[Caption-style text data]

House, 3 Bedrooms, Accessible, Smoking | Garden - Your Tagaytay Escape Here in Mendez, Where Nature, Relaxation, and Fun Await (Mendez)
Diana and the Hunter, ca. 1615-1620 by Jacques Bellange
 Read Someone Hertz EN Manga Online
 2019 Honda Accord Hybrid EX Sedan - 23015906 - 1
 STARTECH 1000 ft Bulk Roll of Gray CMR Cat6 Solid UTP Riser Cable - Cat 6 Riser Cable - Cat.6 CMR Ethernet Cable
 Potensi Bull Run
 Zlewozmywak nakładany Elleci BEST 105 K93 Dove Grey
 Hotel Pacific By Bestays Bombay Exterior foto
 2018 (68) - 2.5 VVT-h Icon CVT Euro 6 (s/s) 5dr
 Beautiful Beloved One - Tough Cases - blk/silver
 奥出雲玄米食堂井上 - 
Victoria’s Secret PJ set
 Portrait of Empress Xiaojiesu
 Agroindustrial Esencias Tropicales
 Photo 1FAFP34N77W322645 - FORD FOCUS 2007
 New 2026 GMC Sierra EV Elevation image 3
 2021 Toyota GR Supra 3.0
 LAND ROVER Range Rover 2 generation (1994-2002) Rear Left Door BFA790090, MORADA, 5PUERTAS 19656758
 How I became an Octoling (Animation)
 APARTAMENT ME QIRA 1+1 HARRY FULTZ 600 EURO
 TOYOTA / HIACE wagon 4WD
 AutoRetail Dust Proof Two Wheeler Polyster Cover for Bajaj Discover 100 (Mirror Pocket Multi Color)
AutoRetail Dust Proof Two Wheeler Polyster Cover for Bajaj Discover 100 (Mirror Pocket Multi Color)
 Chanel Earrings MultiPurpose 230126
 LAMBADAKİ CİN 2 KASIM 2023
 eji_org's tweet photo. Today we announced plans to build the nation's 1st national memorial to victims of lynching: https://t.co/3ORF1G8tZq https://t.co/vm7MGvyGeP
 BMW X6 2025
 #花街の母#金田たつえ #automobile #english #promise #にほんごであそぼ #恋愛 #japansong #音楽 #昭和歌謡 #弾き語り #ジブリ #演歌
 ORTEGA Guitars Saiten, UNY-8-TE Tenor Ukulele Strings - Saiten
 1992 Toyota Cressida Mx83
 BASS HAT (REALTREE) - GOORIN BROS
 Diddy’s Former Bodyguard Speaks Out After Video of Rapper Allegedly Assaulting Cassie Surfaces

● **TASK DETAILS**:
Please go through the data above and copy every line that has the word "Discover".

● **WRITTEN SOLUTION**:
 AutoRetail Dust Proof Two Wheeler Polyster Cover for Bajaj Discover 100 (Mirror Pocket Multi Color)
AutoRetail Dust Proof Two Wheeler Polyster Cover for Bajaj Discover 100 (Mirror Pocket Multi Color)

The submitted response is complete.